▶ [Exercise] Repeat the lines below exactly as they appear, but leave out the images.
[Data shown Boundary: Start]
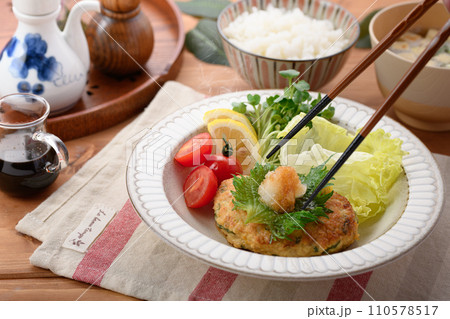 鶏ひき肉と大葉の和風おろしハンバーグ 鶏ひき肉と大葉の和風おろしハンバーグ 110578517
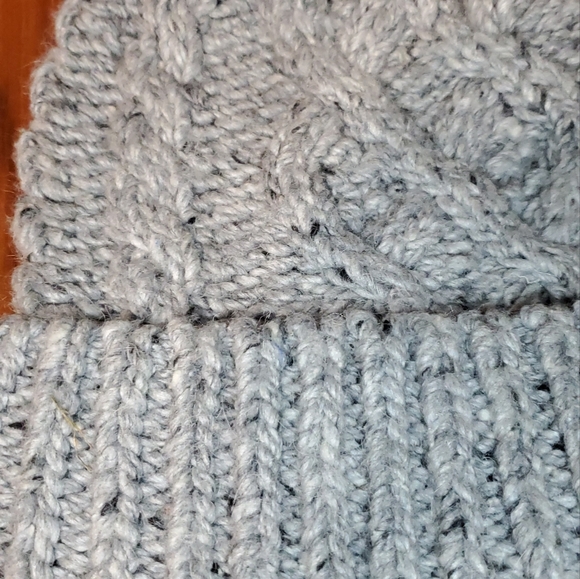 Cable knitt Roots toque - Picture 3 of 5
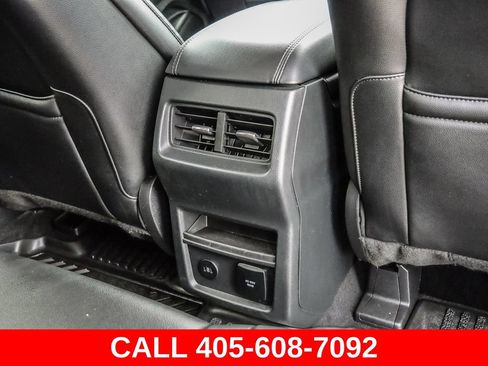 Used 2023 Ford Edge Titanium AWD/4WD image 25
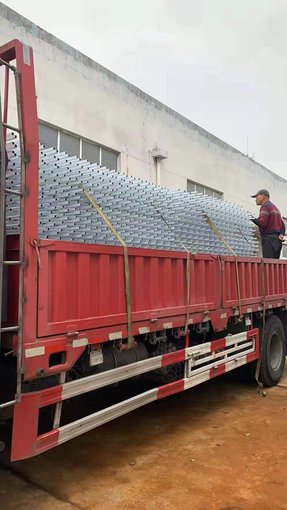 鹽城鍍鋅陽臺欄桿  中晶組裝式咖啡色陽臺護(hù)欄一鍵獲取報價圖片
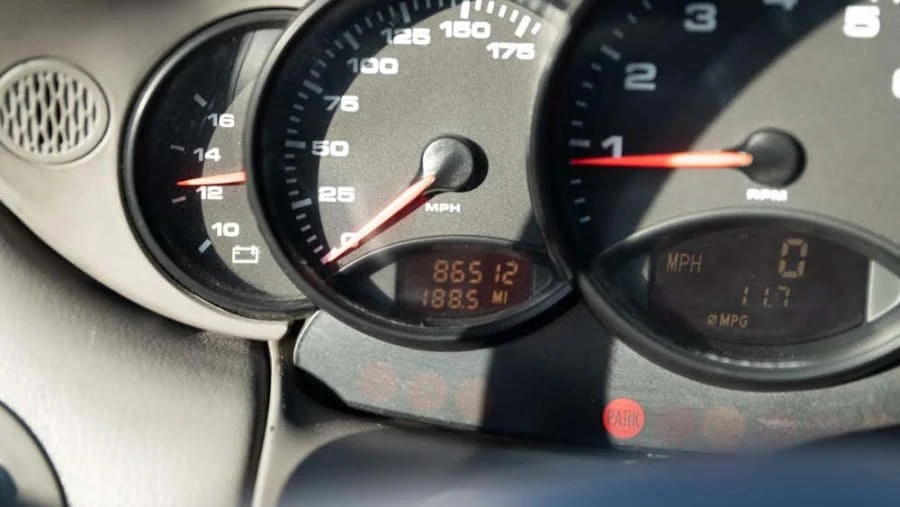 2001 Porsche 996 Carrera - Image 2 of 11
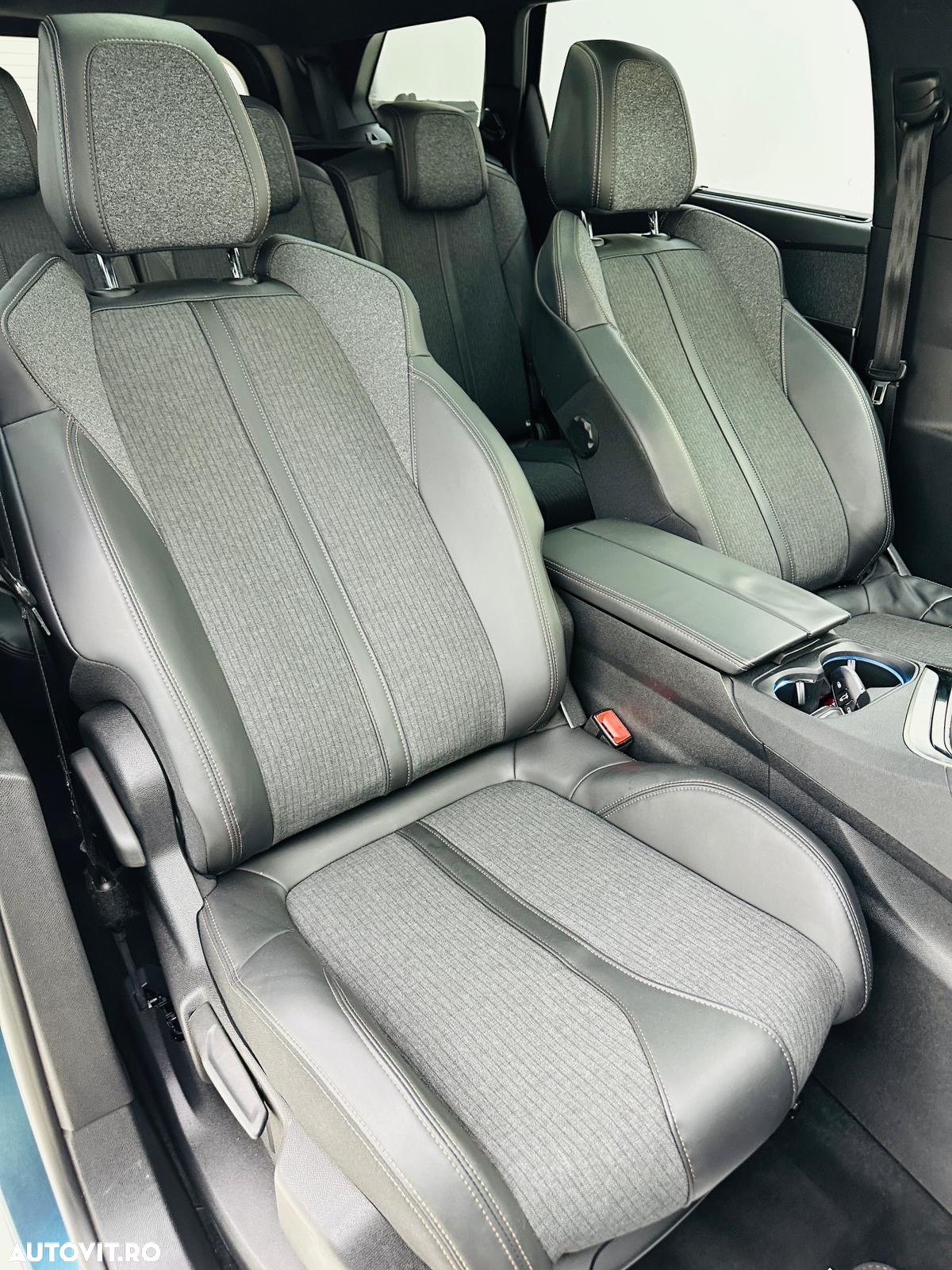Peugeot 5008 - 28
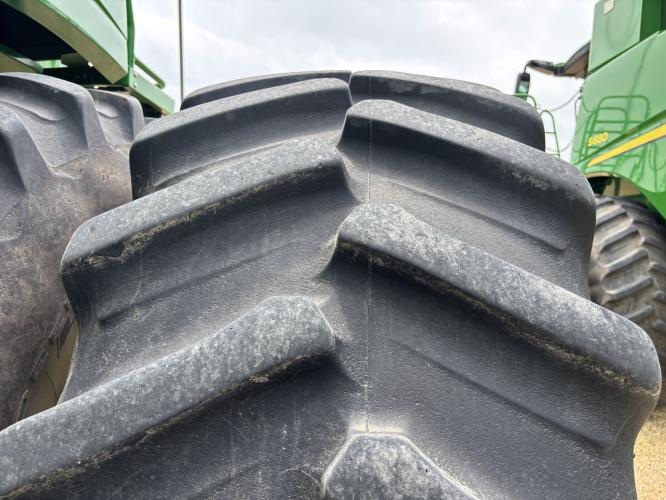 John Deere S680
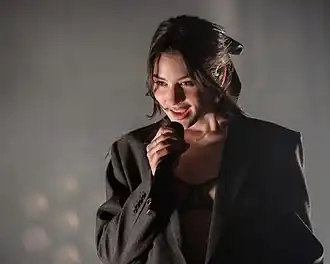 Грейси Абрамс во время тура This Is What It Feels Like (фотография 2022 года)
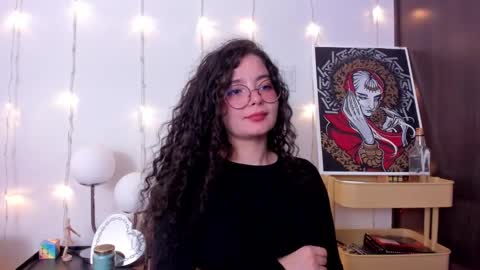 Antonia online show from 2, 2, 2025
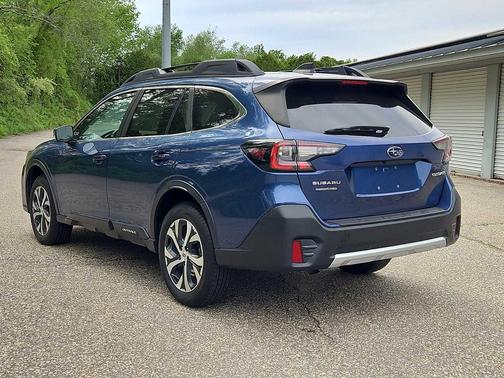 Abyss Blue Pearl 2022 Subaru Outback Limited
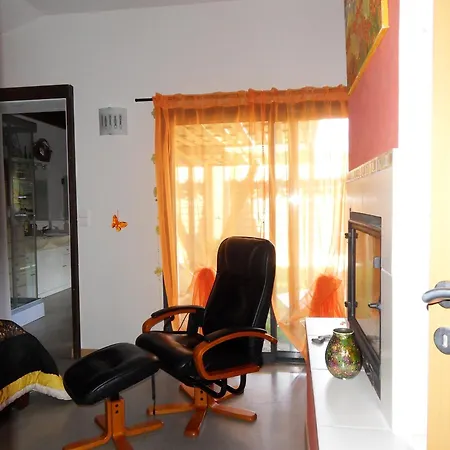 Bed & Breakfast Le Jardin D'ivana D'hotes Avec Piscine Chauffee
[Data shown Boundary: End]
▶ [Exercise response]
 鶏ひき肉と大葉の和風おろしハンバーグ 鶏ひき肉と大葉の和風おろしハンバーグ 110578517
 Cable knitt Roots toque - Picture 3 of 5
 Used 2023 Ford Edge Titanium AWD/4WD image 25
 鹽城鍍鋅陽臺欄桿  中晶組裝式咖啡色陽臺護(hù)欄一鍵獲取報價圖片
 2001 Porsche 996 Carrera - Image 2 of 11
Peugeot 5008 - 28
 John Deere S680
 Грейси Абрамс во время тура This Is What It Feels Like (фотография 2022 года)
 Antonia online show from 2, 2, 2025
 Abyss Blue Pearl 2022 Subaru Outback Limited
 Bed & Breakfast Le Jardin D'ivana D'hotes Avec Piscine Chauffee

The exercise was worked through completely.